What happened to your child in City of Blue Mound was not an accident. It was the predictable output of a system designed to maximize jumper-hours and minimize labor costs. Our job is to prove it.
The Data the Trampoline Industry Doesn’t Want You to Read
When you drive along I-35W or Loop 820 with your kids, you see the massive signs for Urban Air and Sky Zone. They look like colorful beacons of family fun. But the property and casualty insurance market sees them differently. Major insurers like Philadelphia Insurance Companies have largely exited the trampoline park segment because the loss ratios are uninsurable. The risk of a “nuclear verdict”—a multi-million dollar award for a single injury—is simply too high.
The data supports their fear. According to a landmark study by Teague et al., published in the American Academy of Pediatrics’ journal Pediatrics in January 2024, injury rates at trampoline parks are not just rising; they are becoming a documented pediatric trauma category. The study tracked over 13,256 injured trampoline-park users across 8.4 million jumper-hours. The findings were stark: the foam-pit and inflatable-bag injury rate was 1.91 per 1,000 jumper-hours, while “high-performance” jumping zones saw rates jump to 2.11 per 1,000.

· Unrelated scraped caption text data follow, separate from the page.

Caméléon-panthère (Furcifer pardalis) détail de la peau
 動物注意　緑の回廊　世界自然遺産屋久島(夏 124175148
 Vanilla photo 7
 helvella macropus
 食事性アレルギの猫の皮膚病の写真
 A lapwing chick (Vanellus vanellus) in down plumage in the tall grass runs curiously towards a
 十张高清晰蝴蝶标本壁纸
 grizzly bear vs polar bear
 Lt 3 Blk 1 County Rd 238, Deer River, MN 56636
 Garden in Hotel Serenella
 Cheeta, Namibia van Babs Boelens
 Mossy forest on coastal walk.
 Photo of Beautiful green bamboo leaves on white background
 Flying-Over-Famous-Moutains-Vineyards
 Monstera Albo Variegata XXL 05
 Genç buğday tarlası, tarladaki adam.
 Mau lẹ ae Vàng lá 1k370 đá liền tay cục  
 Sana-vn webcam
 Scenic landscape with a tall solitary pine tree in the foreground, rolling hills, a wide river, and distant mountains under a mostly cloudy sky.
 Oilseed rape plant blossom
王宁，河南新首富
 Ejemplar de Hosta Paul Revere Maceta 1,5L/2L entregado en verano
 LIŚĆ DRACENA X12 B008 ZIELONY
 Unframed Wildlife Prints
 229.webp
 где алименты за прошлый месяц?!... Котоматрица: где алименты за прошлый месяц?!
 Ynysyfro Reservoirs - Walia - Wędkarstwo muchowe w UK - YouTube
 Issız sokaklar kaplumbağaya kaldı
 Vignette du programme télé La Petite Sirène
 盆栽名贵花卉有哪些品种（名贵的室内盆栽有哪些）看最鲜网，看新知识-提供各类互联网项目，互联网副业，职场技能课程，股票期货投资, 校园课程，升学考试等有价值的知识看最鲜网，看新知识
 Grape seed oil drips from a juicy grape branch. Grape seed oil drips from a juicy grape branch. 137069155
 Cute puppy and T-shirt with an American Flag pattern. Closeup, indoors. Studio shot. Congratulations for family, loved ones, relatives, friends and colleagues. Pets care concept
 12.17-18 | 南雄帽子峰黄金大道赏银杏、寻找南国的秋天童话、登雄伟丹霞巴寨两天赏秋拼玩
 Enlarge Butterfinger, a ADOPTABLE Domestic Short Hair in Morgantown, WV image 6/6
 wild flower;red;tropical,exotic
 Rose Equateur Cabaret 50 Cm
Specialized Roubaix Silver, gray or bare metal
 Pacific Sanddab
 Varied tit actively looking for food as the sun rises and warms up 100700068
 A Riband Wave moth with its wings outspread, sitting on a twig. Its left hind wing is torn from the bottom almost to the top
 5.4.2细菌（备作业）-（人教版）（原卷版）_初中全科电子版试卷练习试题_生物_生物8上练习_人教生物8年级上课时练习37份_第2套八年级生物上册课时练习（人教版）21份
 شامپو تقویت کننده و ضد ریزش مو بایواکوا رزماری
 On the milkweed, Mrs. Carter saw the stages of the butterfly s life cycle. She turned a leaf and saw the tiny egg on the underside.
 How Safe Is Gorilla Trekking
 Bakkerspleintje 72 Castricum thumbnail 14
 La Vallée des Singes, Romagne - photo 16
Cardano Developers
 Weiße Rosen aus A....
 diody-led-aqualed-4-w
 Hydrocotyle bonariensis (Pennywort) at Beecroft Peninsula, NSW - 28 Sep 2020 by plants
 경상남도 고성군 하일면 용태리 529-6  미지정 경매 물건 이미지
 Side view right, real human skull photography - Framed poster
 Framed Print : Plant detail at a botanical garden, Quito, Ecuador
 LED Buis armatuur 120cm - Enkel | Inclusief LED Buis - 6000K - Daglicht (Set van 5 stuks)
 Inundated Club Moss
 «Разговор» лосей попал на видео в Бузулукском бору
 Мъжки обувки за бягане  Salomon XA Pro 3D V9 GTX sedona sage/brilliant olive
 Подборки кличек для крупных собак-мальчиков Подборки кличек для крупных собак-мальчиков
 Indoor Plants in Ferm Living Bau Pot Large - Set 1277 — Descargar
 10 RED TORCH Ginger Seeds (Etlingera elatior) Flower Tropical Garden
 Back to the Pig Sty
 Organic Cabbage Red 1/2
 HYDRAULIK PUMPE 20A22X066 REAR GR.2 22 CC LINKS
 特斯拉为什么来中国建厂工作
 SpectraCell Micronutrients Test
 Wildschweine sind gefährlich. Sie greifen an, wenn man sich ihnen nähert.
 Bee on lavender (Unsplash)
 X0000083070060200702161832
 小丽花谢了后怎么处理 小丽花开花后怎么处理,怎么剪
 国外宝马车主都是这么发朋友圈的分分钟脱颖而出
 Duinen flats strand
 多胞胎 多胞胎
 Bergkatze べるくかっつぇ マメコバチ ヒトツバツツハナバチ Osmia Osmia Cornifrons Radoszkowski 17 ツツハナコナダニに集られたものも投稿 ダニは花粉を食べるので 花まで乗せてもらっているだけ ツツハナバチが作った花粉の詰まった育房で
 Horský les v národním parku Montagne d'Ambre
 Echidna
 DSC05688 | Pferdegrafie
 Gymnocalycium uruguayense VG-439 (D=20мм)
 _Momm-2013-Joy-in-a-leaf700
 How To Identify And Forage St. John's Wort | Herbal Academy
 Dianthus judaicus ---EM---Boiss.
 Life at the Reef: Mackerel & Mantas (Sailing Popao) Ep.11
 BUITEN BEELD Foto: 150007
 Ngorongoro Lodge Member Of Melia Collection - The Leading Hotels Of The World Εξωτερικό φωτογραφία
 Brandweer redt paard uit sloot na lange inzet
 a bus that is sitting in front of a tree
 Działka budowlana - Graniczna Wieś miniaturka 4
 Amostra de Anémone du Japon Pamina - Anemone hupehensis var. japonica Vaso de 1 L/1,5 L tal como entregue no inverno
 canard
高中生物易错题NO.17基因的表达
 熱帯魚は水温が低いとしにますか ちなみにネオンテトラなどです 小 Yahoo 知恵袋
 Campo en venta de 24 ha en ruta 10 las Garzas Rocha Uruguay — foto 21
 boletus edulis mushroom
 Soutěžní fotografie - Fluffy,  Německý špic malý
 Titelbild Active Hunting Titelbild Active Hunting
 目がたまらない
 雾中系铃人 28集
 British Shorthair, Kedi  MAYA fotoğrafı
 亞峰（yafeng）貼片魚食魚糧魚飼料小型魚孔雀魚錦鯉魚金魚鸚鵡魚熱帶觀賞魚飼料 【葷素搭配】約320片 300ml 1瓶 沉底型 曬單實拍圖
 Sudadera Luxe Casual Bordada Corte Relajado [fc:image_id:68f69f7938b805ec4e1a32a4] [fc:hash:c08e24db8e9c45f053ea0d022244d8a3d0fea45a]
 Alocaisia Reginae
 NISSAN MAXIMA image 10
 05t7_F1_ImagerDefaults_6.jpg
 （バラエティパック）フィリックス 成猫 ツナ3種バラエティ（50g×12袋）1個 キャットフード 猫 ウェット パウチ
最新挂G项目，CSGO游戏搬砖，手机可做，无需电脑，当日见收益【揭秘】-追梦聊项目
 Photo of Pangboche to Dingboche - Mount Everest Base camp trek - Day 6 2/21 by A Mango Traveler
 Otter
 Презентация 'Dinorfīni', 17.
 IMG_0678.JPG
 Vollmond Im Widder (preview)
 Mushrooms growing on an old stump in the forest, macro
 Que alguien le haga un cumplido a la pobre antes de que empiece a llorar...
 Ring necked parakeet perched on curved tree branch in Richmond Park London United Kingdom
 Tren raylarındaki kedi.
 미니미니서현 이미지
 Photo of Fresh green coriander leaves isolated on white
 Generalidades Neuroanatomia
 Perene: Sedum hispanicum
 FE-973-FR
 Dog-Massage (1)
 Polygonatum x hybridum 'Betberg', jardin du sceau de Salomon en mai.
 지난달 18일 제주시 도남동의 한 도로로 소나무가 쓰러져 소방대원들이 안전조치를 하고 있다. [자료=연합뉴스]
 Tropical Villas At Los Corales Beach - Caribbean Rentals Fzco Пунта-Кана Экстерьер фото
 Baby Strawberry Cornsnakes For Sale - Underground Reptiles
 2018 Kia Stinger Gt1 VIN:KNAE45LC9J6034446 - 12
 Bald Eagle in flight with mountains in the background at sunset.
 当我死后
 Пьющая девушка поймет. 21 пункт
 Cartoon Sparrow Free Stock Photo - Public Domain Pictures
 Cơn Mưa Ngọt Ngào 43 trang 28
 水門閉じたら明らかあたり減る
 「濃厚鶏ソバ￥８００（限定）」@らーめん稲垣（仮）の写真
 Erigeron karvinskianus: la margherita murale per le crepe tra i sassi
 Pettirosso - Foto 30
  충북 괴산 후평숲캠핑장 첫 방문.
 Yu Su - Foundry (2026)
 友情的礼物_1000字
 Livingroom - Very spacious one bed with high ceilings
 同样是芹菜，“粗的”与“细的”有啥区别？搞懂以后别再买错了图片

In a metro as dense as the Dallas-Fort Worth area, the cumulative toll is devastating. A Fort Worth Star-Telegram investigation recently uncovered 500 injuries at 21 regional trampoline parks over a seven-year period. That is 500 families in our local communities who had to navigate surgeries, physical therapy, and the permanent alteration of their children’s lives. This matches a national trend reported by the Consumer Product Safety Commission (CPSC), which tracks approximately 300,000 trampoline-related ER visits annually across the United States. Furthermore, the American Journal of Roentgenology (AJR 2024) recently noted that up to 1.6% of all pediatric emergency department trauma visits are now trampoline-related.
This is not a “freak accident” problem. This is a public health crisis masquerading as recreation.
How Your Child Was Injured: The Physics and the Negligence
Most personal injury generalists in City of Blue Mound see a “broken leg” and think of a slip-and-fall. We don’t. We see a comminuted femoral shaft fracture or a Salter-Harris Type III growth plate injury, and we work backward to the physical mechanism of the breach.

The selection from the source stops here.